:: WHAT YOU WILL DO ::
Your copy should begin at the line containing "Textured Abstract Wall" and end at the last line of the records; transcribe those lines exactly and leave out every picture.

:: DATASET ENTRIES ::
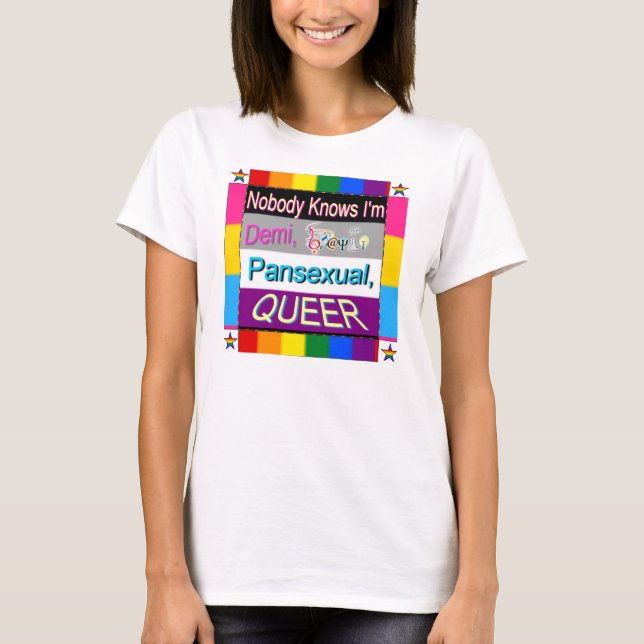 Nobody Knows I'm Demi Sapio Pansexual QUEER Tee (Front)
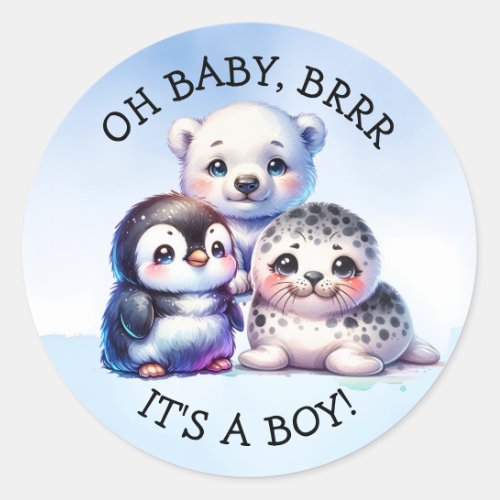 Its a Boy  Polar Arctic Winter Baby Shower Classic Round Sticker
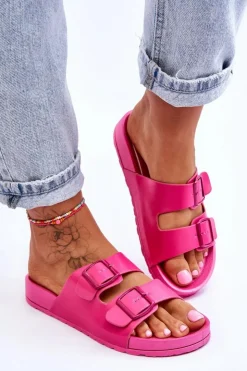 Boto Damskie Klapki Na Platformie Fuksja Vertigo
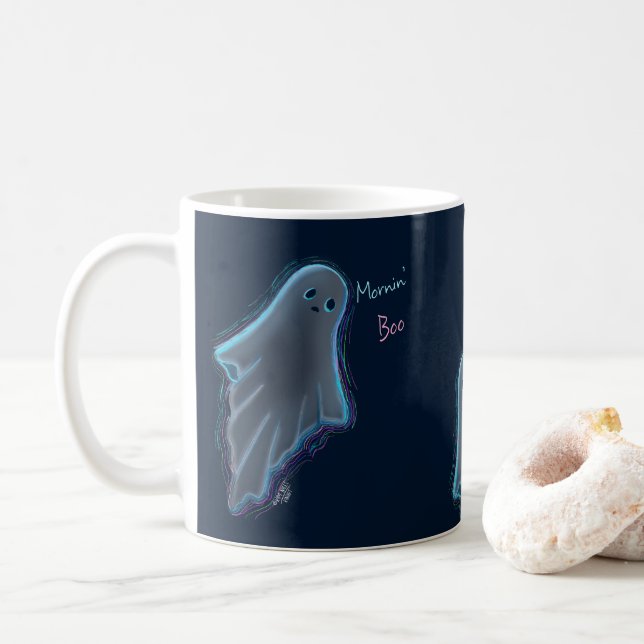 Cute KiniArt Ghost Coffee Mug (With Donut)
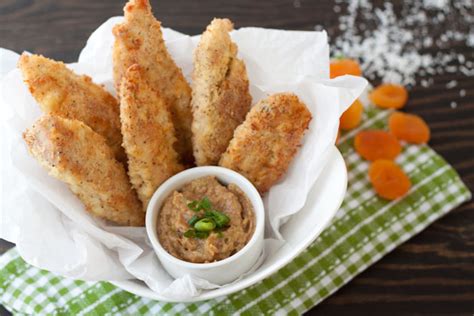 "Breaded" Chicken Strips with Apricot Dijon Dipping Sauce | Healthful ...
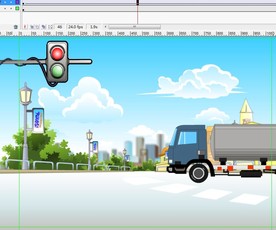 城市中的油罐车动画6秒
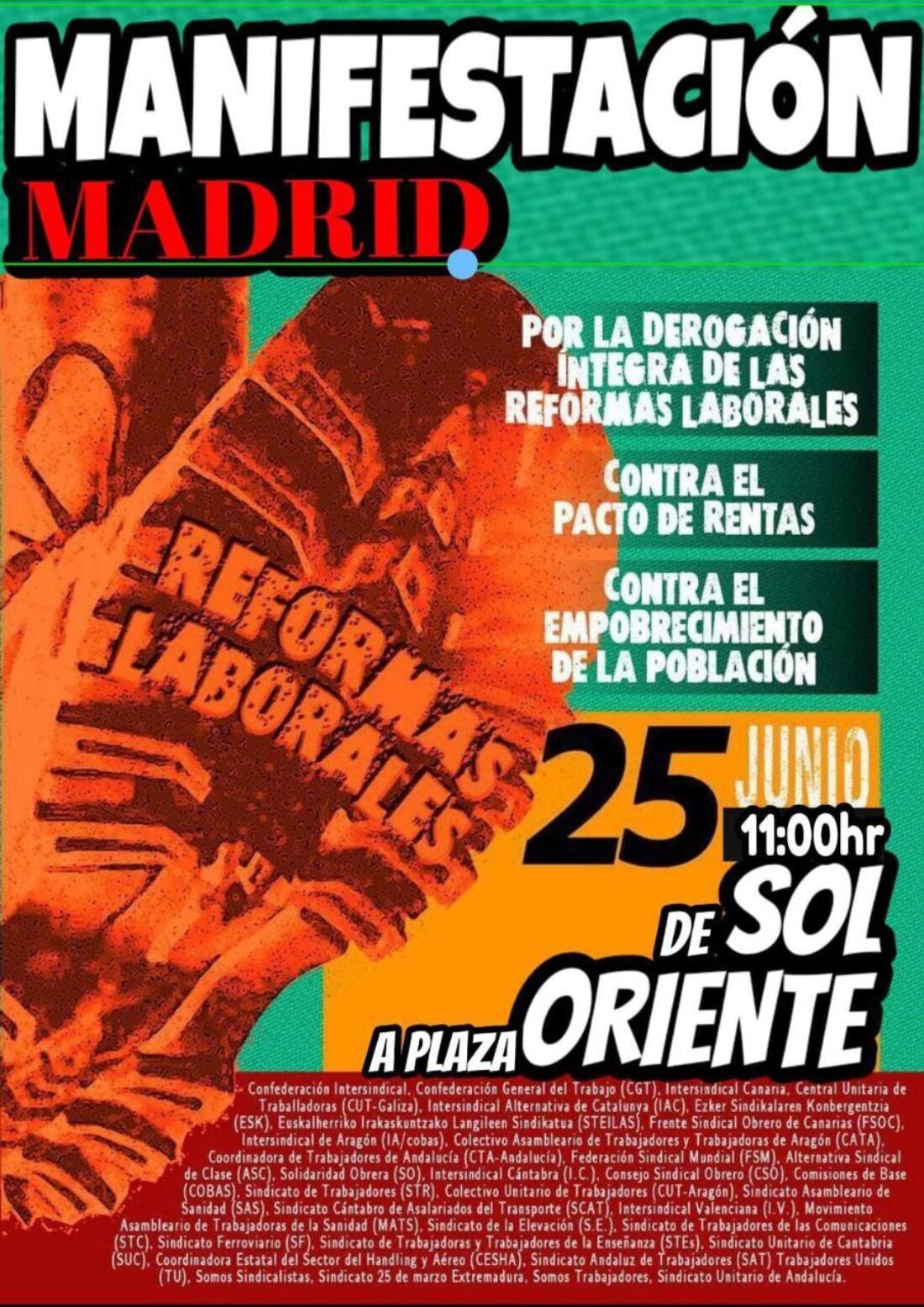 25 de junio: «Contra las reformas que precarizan a la Clase Trabajadora»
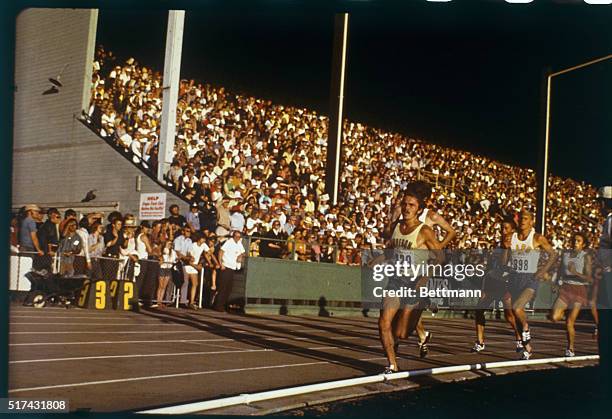 Eugene, Oregon, USA. Steve Prefontaine, 1st in the 5,000-meter. Shown in semi-general view, running at the Olympic tryouts here.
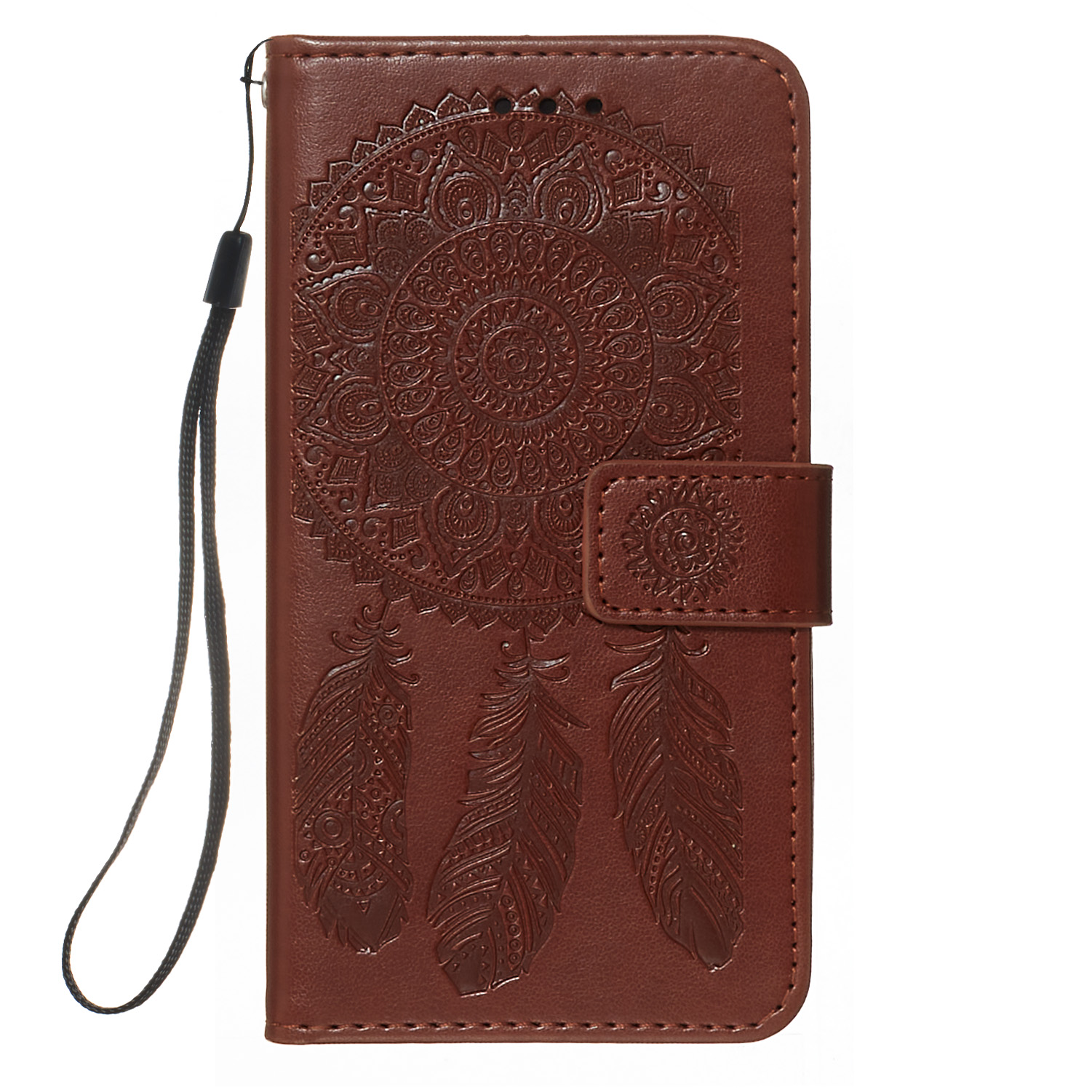 

For Samsung Galaxy A40 Imprint Dream Catcher Flower Stand Wallet Leather Casing Shell - Brown, Galaxy A40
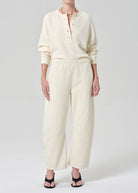 tapered cream sweatpant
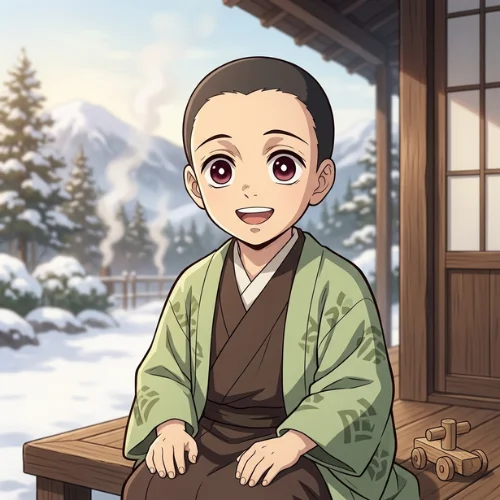 Shigeru Kamado from Demon Slayer: Kimetsu no Yaiba sitting on a wooden porch in a snowy mountain setting, featuring a clean buzz cut hairstyle, traditional kimono clothing, and a cheerful smile, showcased on buzz-cut.net.
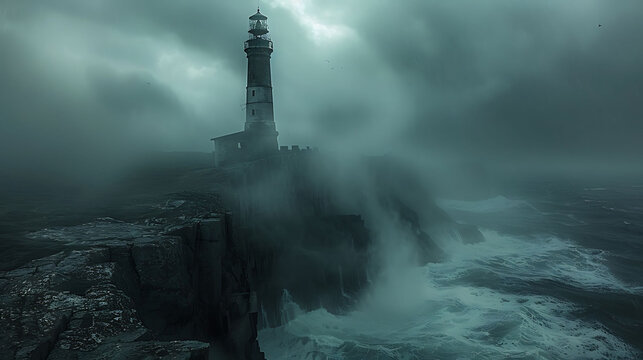 A spooky, abandoned lighthouse on a cliff under a stormy sky.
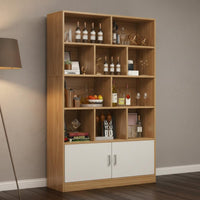 Freestanding Beverage Cabinet Large Capacity Storage Shelf Wooden Display Hutch Sturdy Construction Versatile Organizer Suitable for Living Room Entryway Bedroom Book Lovers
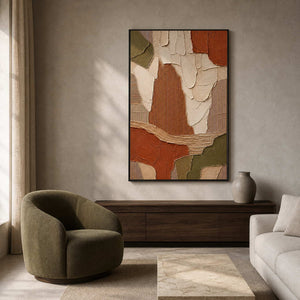 Textured Abstract Wall Art displayed in a refined living room.
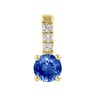Romantischer Anhänger mit blauem Saphir und Lab Grown Diamanten Dai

:: OUTPUT OF THE EXERCISE ::
 Textured Abstract Wall Art displayed in a refined living room.
Romantischer Anhänger mit blauem Saphir und Lab Grown Diamanten Dai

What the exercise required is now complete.